CVE-2026-1722 is a vulnerability classified under CWE-862 (Missing Authorization) affecting the WCFM Marketplace – Multivendor Marketplace for WooCommerce plugin for WordPress. The flaw exists in the AJAX controller `wcfm-refund-requests-form`, which processes refund requests without verifying whether the requester is authorized to perform such actions. This lack of authorization checks allows unauthenticated attackers to submit refund requests for arbitrary order IDs and item IDs. If the plugin's settings enable automatic refund approval, these unauthorized refund requests can be processed without manual intervention, resulting in financial losses for vendors and marketplace operators. The vulnerability affects all versions up to and including 3.7.0. The CVSS v3.1 base score is 5.3 (medium), reflecting that the attack vector is network-based, requires no privileges or user interaction, and impacts integrity but not confidentiality or availability.

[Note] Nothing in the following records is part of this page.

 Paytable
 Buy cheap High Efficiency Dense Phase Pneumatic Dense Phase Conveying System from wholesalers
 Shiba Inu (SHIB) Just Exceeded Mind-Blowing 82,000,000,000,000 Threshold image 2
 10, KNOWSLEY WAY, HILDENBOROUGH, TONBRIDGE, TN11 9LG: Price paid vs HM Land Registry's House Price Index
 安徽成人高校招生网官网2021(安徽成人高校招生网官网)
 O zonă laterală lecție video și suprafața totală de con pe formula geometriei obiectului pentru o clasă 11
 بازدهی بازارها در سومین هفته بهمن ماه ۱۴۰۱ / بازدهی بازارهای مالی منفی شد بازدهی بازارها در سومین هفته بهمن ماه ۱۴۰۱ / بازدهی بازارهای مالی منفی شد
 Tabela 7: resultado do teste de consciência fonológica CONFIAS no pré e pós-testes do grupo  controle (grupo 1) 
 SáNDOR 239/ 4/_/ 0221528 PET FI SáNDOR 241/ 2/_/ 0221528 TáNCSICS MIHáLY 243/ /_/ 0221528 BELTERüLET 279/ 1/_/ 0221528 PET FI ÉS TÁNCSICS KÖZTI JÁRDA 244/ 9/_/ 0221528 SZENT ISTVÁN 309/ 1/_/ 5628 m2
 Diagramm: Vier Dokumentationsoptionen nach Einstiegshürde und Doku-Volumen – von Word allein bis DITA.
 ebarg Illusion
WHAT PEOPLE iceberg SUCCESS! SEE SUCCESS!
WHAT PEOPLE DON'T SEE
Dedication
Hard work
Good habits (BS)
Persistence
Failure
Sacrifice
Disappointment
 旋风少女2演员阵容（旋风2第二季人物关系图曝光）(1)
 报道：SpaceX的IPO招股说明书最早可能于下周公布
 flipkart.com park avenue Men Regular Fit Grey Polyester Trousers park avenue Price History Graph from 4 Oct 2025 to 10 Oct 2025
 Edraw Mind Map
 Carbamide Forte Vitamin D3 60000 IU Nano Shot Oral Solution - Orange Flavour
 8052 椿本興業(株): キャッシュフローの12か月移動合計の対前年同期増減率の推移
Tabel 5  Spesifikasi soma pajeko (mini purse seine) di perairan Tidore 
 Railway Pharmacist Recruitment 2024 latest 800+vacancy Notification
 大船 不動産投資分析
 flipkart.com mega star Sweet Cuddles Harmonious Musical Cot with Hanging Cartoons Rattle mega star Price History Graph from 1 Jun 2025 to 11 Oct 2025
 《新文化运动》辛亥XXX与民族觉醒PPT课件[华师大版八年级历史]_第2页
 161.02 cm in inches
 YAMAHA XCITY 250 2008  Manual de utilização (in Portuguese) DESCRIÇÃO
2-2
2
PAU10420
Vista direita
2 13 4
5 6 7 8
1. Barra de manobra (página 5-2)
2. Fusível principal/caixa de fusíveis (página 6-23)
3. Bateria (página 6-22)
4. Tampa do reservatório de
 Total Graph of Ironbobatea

No patches or fixes have been linked yet, and no known exploits are reported in the wild. The issue highlights a critical security design flaw where authorization controls are omitted in a sensitive transactional process, undermining the trustworthiness of refund operations within the marketplace environment.

For European organizations operating e-commerce platforms using WooCommerce with the WCFM Marketplace plugin, this vulnerability poses a direct financial risk. Attackers can exploit the missing authorization to generate fraudulent refund requests, potentially draining funds if automatic refund approval is enabled. This undermines the integrity of financial transactions and vendor trust. While confidentiality and availability remain unaffected, the integrity breach can disrupt business operations, cause revenue loss, and damage reputation. Small and medium-sized enterprises (SMEs) relying on automated refund workflows are particularly vulnerable. Additionally, marketplaces with multiple vendors may face disputes and increased administrative overhead to resolve fraudulent refunds. The risk is heightened in countries with widespread WooCommerce adoption and significant online retail sectors, where attackers may target high-volume platforms to maximize financial gain.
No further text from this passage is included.